== What you need to do ==
For each line of the listing below that contains the string "being", copy the line.

== Data under study ==

---

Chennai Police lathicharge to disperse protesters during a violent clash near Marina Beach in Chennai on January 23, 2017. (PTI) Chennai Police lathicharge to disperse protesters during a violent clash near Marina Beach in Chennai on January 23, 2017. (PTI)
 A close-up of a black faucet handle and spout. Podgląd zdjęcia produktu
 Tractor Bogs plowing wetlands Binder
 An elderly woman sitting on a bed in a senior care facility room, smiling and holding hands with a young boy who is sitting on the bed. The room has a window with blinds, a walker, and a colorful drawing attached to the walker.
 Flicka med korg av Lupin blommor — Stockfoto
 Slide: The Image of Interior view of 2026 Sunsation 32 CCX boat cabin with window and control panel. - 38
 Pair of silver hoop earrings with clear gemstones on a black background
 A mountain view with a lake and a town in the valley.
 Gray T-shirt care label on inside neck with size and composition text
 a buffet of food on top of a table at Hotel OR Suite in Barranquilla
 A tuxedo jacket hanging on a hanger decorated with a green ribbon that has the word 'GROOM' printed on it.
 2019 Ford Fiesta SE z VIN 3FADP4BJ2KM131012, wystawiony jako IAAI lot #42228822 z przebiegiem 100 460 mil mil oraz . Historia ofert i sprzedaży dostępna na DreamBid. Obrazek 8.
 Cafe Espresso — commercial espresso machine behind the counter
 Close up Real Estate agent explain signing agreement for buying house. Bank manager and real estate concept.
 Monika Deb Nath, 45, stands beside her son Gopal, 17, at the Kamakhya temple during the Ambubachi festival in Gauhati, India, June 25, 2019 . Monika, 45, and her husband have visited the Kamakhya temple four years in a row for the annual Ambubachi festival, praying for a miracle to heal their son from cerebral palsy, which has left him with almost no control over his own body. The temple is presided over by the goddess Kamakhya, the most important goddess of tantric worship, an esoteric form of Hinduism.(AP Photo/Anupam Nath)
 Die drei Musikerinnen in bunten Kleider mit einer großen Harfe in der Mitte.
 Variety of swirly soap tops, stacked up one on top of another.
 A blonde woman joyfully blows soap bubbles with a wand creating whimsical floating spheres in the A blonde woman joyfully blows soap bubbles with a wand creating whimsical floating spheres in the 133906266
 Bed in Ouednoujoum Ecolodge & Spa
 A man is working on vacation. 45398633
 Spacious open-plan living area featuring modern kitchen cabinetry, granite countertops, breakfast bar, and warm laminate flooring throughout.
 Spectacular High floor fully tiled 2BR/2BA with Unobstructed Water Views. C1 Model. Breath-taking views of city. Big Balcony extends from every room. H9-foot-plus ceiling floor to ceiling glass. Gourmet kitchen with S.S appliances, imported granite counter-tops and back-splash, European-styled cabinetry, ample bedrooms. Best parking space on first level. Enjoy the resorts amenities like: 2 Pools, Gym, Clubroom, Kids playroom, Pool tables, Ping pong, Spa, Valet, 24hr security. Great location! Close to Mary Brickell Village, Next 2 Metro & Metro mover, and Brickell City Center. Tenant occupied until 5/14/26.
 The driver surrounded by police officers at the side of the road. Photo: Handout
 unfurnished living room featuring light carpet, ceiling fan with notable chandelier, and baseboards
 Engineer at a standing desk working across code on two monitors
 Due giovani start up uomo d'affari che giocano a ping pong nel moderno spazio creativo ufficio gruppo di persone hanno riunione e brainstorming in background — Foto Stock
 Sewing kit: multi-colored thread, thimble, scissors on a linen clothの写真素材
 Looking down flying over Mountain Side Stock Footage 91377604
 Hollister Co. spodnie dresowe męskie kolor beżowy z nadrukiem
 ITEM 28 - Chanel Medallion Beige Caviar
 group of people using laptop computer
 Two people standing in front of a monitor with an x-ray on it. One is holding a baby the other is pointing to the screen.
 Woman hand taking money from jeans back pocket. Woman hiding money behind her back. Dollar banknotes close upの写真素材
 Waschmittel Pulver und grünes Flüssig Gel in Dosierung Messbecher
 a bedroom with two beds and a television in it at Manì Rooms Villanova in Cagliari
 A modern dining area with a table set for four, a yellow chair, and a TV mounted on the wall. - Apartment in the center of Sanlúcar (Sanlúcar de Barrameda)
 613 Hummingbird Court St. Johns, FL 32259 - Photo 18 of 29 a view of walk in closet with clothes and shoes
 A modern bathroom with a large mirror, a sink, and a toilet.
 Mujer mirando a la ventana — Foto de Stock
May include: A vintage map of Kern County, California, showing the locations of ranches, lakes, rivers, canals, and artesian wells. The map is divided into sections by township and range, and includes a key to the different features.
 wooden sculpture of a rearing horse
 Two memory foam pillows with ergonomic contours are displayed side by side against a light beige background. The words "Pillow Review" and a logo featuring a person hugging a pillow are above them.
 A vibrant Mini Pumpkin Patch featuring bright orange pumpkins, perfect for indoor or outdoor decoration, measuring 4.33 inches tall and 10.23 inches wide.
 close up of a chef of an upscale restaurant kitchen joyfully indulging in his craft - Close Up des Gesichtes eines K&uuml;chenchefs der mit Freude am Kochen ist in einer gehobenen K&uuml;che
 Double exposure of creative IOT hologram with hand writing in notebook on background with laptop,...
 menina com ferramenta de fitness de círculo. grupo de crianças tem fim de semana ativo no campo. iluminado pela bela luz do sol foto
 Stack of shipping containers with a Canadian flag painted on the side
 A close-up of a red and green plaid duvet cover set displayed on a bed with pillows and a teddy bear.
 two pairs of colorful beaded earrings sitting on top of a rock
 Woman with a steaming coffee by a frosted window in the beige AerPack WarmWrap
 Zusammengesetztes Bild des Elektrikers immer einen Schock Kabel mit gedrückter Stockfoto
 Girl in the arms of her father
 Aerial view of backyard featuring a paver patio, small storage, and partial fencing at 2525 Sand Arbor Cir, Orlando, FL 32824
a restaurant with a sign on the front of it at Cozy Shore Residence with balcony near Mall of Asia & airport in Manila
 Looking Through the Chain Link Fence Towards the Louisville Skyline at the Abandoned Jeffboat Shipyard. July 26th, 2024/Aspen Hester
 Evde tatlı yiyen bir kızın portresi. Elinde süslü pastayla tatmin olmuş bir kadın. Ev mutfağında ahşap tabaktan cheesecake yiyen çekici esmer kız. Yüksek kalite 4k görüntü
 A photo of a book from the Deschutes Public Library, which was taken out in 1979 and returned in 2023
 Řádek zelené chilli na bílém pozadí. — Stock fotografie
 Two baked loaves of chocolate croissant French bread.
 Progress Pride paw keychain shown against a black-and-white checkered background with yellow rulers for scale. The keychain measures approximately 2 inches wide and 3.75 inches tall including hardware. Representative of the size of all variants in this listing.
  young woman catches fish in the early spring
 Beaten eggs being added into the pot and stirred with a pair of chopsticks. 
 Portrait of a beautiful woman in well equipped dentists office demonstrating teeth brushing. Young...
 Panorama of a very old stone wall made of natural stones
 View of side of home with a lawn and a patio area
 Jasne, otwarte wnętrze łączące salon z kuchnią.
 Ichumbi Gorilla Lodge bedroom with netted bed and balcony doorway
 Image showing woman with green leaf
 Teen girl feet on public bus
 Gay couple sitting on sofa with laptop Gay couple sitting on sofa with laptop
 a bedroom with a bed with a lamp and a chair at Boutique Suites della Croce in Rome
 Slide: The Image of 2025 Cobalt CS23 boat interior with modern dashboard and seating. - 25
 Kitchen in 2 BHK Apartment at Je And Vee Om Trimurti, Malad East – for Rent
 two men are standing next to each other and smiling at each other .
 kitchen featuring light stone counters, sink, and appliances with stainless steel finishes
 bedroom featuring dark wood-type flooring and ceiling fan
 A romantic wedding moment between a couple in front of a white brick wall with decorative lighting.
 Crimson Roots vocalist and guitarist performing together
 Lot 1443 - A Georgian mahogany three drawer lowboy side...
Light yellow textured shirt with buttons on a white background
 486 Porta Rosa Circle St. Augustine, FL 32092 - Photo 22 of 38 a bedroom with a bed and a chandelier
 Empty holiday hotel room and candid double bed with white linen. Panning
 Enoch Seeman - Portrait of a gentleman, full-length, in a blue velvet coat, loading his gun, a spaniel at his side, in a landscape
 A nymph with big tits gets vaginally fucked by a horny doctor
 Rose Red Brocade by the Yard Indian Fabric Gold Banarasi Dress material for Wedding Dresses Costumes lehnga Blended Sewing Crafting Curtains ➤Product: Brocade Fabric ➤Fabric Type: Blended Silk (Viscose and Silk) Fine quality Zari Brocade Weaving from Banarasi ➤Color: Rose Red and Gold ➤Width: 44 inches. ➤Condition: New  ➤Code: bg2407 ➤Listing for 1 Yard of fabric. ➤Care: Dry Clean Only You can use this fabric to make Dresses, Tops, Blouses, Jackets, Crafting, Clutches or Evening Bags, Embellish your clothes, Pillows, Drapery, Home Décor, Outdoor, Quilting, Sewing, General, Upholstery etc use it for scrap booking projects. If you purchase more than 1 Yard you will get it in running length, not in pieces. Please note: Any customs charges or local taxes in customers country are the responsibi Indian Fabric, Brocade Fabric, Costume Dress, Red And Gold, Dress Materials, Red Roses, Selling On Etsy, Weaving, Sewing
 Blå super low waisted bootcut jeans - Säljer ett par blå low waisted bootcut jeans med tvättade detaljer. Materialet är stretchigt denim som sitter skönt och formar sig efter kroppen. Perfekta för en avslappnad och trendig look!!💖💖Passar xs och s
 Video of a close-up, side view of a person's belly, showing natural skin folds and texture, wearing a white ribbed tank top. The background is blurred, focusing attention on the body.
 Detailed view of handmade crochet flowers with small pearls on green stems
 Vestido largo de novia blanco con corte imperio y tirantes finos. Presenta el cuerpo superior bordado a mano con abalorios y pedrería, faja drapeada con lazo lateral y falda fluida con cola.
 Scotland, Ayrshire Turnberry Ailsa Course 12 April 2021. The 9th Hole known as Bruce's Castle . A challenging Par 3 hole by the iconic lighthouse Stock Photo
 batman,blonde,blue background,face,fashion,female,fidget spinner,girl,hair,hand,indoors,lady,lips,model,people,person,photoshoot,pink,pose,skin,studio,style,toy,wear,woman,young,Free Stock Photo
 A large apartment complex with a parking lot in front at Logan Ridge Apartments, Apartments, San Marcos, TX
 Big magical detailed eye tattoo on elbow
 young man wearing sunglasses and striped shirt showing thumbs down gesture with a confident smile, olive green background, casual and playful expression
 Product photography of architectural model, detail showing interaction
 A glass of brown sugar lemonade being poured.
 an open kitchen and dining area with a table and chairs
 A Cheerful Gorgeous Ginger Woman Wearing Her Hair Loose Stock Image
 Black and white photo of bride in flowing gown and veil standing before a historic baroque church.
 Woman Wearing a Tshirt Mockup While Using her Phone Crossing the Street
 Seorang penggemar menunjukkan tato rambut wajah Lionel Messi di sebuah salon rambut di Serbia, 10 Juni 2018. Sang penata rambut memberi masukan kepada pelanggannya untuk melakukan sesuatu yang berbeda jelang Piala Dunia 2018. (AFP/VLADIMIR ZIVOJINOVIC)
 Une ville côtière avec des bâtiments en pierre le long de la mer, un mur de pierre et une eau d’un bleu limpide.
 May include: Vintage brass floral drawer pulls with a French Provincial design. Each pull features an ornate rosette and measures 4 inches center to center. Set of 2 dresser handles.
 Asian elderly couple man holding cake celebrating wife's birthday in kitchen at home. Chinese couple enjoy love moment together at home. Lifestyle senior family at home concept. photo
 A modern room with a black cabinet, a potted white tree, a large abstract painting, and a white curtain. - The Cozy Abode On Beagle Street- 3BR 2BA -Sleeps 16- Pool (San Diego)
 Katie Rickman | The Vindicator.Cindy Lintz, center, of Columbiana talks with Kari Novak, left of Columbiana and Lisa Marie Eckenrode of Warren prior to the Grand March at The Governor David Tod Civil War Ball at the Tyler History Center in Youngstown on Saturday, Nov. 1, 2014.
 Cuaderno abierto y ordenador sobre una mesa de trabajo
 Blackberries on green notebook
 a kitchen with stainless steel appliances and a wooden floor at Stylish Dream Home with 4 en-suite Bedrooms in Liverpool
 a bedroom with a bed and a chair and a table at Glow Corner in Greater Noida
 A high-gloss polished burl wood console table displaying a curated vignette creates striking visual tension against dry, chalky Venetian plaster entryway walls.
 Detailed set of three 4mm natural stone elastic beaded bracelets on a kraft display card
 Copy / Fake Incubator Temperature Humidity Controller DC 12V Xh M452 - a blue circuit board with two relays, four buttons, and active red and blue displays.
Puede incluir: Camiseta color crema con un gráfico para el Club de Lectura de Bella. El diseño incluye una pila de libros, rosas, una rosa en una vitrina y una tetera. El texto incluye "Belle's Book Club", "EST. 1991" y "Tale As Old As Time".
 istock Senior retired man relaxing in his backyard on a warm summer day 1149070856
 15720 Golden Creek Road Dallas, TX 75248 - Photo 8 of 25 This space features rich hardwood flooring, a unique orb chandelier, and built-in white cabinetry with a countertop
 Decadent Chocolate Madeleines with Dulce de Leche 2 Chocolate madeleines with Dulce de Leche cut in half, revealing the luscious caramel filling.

---

== Solution for this task ==
 Beaten eggs being added into the pot and stirred with a pair of chopsticks. 
 A glass of brown sugar lemonade being poured.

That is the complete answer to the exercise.